4) Ekosistem Pendukung yang Kuat
PP 43/2025 menekankan dukungan infrastruktur digital, tata kelola data, serta pengawasan lintas otoritas agar pelaporan tidak sekadar kepatuhan, tetapi juga alat penguatan stabilitas sistem keuangan. Ekosistem yang baik diharapkan meningkatkan kemudahan berusaha, memperkuat kepercayaan investor, dan mendorong kualitas tata kelola korporasi.
Baca juga: Purbaya Dorong Integritas dan Pengawasan Jadi Fondasi Utama Bea Cukai
PBPK: Fungsi, Pengguna, dan Pemanfaatan Data
Laporan yang terkumpul di PBPK dapat dimanfaatkan untuk mendukung tugas K/L dan otoritas; menjadi satu-satunya sumber pembanding laporan keuangan; membantu keputusan pembiayaan dan investasi; serta menunjang riset akademik. Dengan satu data yang terintegrasi, kualitas pengawasan meningkat dan duplikasi pelaporan diminimalkan.
Dampak bagi Pelaku Usaha
- Efisiensi administratif: pelaporan satu pintu mengurangi beban dan biaya kepatuhan.
- Transparansi & akuntabilitas: standar seragam meningkatkan kualitas dan keterbandingan laporan.
- Akses pembiayaan: data yang kredibel memperkuat kepercayaan lembaga keuangan dan investor.

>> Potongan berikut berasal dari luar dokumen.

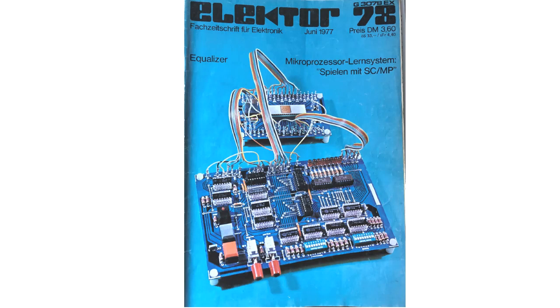Hello, I want to show you my very first and still running computer. In June 1977, the German do-it-yourself electronics magazine Elektra came out with this do-it-yourself project.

- Persiapan internal: pelaku usaha perlu menyesuaikan sistem akuntansi, integrasi data, dan kompetensi SDM agar kompatibel dengan format PBPK.
Baca juga: Realisasi Belanja Negara Baru 59%, Wamenkeu Suahasil Dorong Akselerasi di Kuartal IV
Menuju Transparansi & Kepercayaan Investor
Harmonisasi pelaporan keuangan melalui PP 43/2025 diharapkan tidak hanya mendorong ease of doing business, tetapi juga meningkatkan transparansi, akuntabilitas, dan kepercayaan investor — baik domestik maupun asing. Ekosistem pelaporan yang kuat akan mengurangi praktik bisnis tidak etis, meningkatkan kualitas pengawasan, dan menopang stabilitas sektor keuangan nasional.